··· INPUT DATA ···

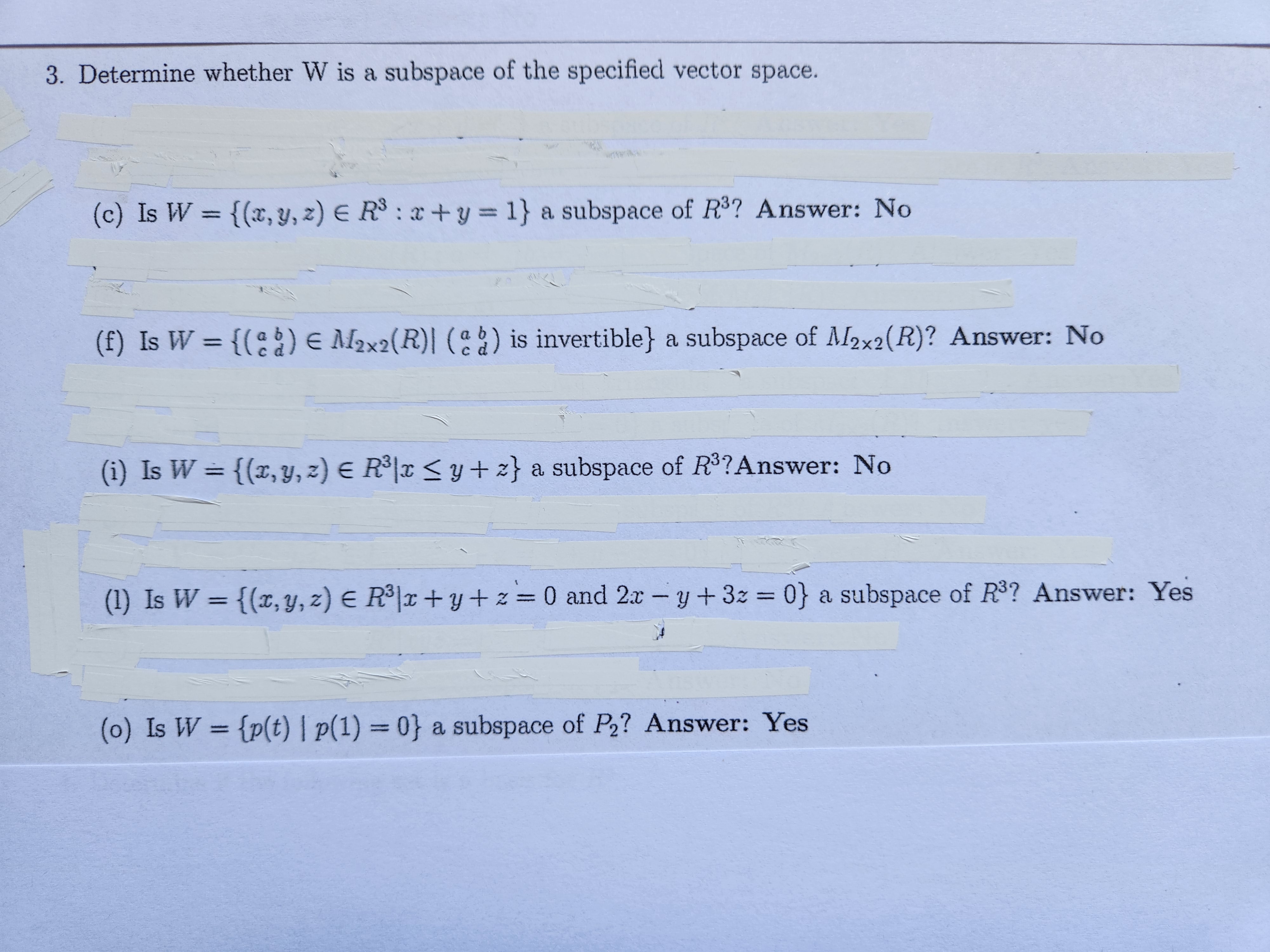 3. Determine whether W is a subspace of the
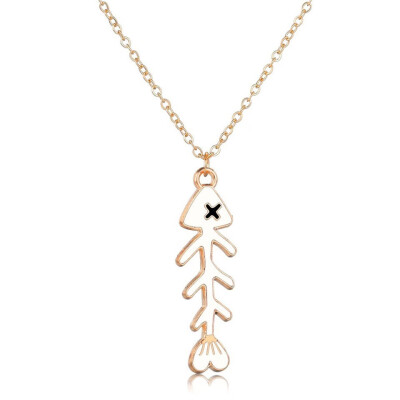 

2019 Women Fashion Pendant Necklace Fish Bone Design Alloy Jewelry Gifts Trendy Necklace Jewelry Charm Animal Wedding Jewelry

···
··· INPUT DATA ···

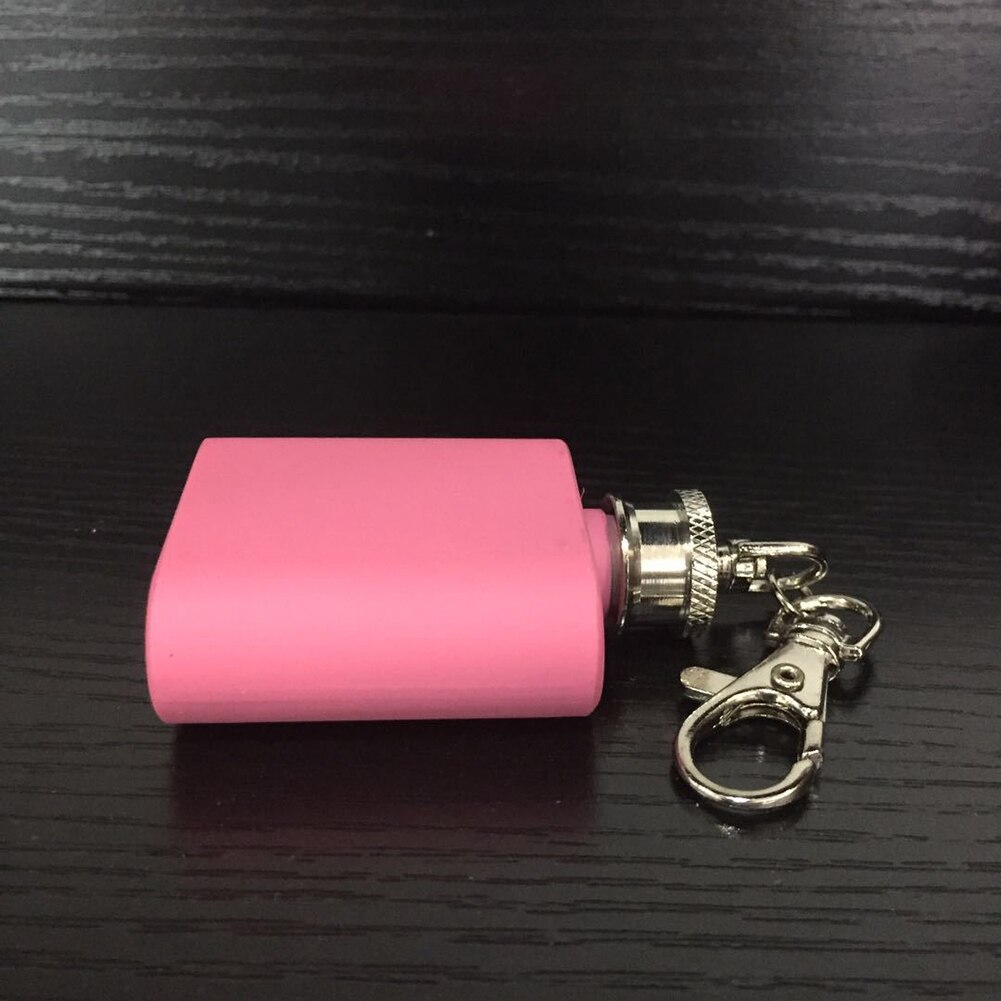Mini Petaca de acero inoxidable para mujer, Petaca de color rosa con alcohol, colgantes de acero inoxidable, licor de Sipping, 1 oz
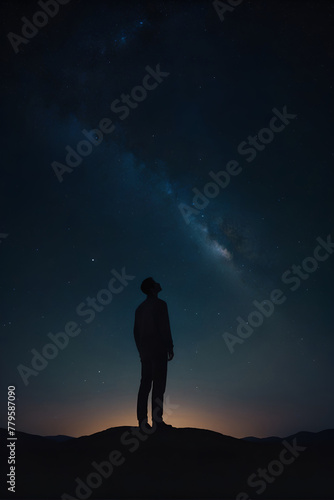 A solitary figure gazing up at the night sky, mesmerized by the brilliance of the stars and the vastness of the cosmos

···
··· INPUT DATA ···

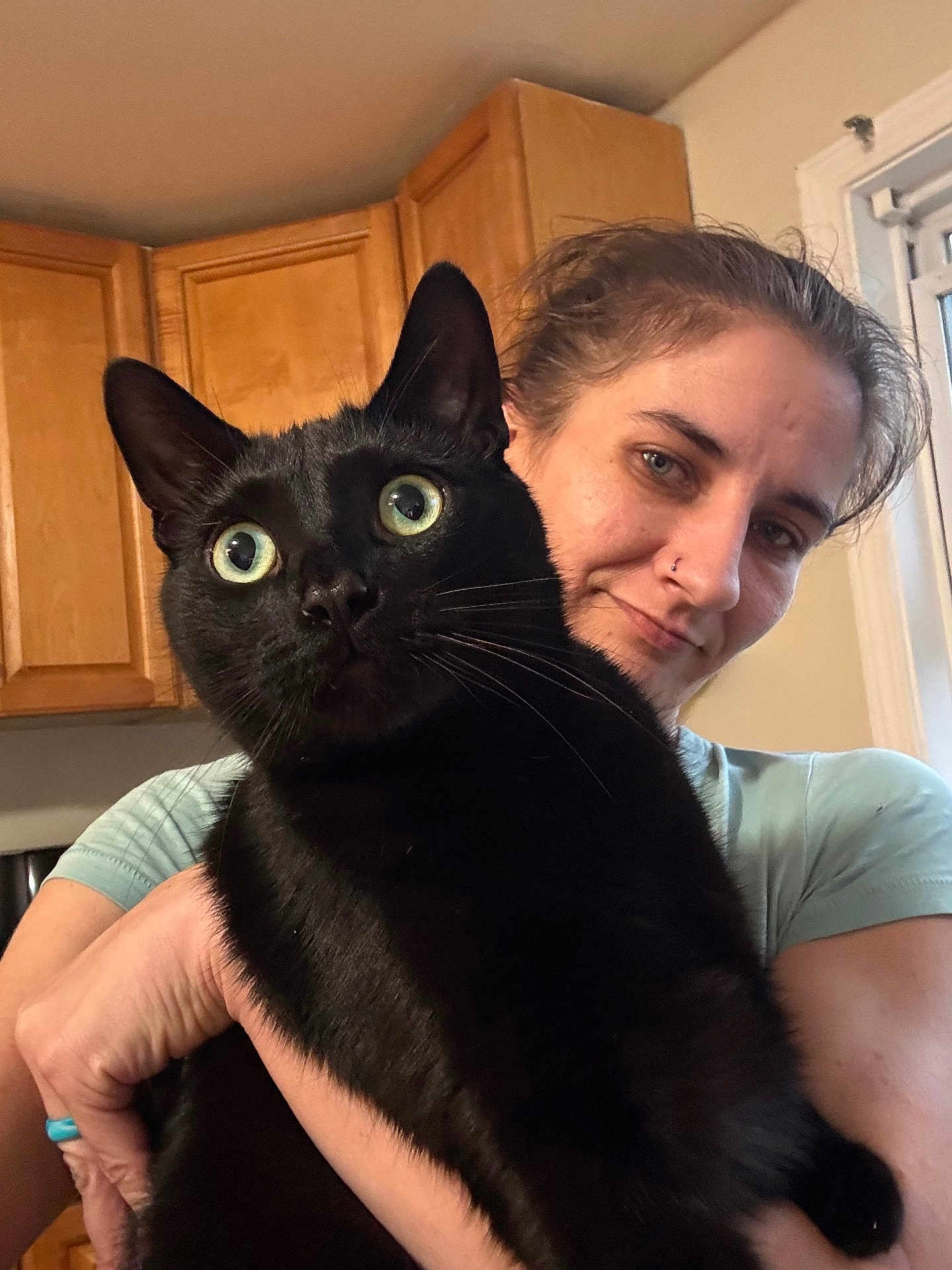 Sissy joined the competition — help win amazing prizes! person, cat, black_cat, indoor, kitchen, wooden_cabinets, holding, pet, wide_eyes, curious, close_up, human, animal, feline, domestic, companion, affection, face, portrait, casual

···

- WHAT YOU HAVE TO DO: The result should be an exact copy of only the lines above from the one that holds "3. Determine whether W is a subspace of the" through the one that holds "2019 Women Fashion", both ends included, without pictures.

- WRITTEN REPLY:
 3. Determine whether W is a subspace of the

2019 Women Fashion Pendant Necklace Fish Bone Design Alloy Jewelry Gifts Trendy Necklace Jewelry Charm Animal Wedding Jewelry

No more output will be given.